Галина Юзефович
Удивительные приключения рыбы-лоцмана: 150 000 слов о литературе
© Галина Юзефович
© ООО «Издательство АСТ»
От автора
Есть несколько версий того, для чего нужен критик (мнение, согласно которому критик вообще не нужен, на сей раз предлагаю милосердно оставить в стороне). Версия старомодная состоит в том, что критик (конечно, в этом месте правильно было бы употребить слово «Белинский», потому что в нашей стране именно Белинский служит идеальным, небесным эталоном критика) нужен для того, чтобы из разрозненных текстов собирать монолитную и цельную литературу. Такой критик всегда кристально объективен, он знает, кто чего стоит, он видит, как без зазора вогнать, скажем, Гаршина в щель между Дружининым и Чеховым, и вообще способен разглядеть за деревьями лес, а за хаосом слов, фраз и имен собственных – космос стройной иерархической структуры. Видит бог, мне бы очень хотелось быть таким критиком, но, боюсь, что сегодня это не столько не нужно, сколько невозможно. Легко и приятно (на самом деле, конечно, очень сложно, но всё равно приятно и очень интересно) собирать пирамидку из конечного числа деталей, а вот собрать нечто осмысленное из бесчисленных объектов нашего до невозможности зашумленного мира едва ли удастся.

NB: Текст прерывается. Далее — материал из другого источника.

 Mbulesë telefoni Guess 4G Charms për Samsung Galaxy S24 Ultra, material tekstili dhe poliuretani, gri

Вторая версия в сильно упрощенном виде сводится к известной максиме «чтоб карась не дремал». Иными словами, критик, в полном соответствии со своим названием, – это тот, кто критикует или, проще говоря, ругает. Моя уважаемая коллега Анна Наринская придумала для этого профессионального навыка отличное, на мой вкус, определение – «трудно быть гадом», но, конечно, величайшими мастерами подобного жанра были покойный Виктор Топоров и, увы, отошедший от дел, но по-прежнему несравненный Борис Кузьминский. В их подходе есть своя логика: злой критик не формирует литературный процесс, но работает эдаким санитаром леса – гонит вперед литературное стадо, перекусывая поджилки самым слабым и, как результат, отстающим животным. Благодаря такому критику литература становится чище и динамичнее, плохие писатели либо завязывают с писаниной, либо начинают писать лучше (потому что знают – их слабости не сойдут им с рук, но будут выявлены и выставлены на всеобщее обозрение), и в результате читатель, да и общество в целом, оказываются в безусловном выигрыше.

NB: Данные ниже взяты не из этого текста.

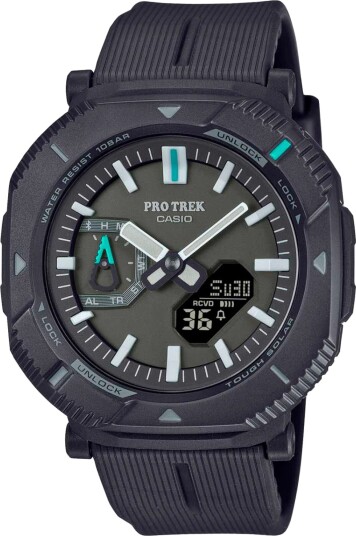 Casio Pro Trek PRJ-B001-1ER Herre 46 mm Digitalt Kvarts urverk Mineralglas Casio Pro Trek PRJ-B001-1ER Herre 46 mm Digitalt Kvarts urverk Mineralglas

Живая и органичная негативная эмоция, искреннее желание сделать писателю больно – и тем самым сделать его лучше, конечно, по-своему достойны восхищения. Гадом быть действительно сложно и неприятно, но кто-то должен быть плохим парнем – это важная и полезная социальная функция.В эту категорию критиков я не гожусь по причине драматического несоответствия темперамента. Самая сильная негативная эмоция, на которую я способна, – это раздражение, но оно, увы, не есть достаточное основание для публичного высказывания. От моих по-настоящему злых и умных коллег, способных разобрать неприятную им вещь на части, проанализировать и осудить убедительно, с полным знанием дела – что называется, in cold blood, – меня отличает отсутствие подлинного интереса к вещам, которые мне не нравятся. Иногда я пишу что-нибудь в порыве раздражения, но потом мне, как правило, бывает за это стыдно. В раздраженном состоянии я иногда способна на саркастическое остроумие, но никогда или почти никогда не могу серьезно и аргументированно рассказать, чем же мое раздражение вызвано.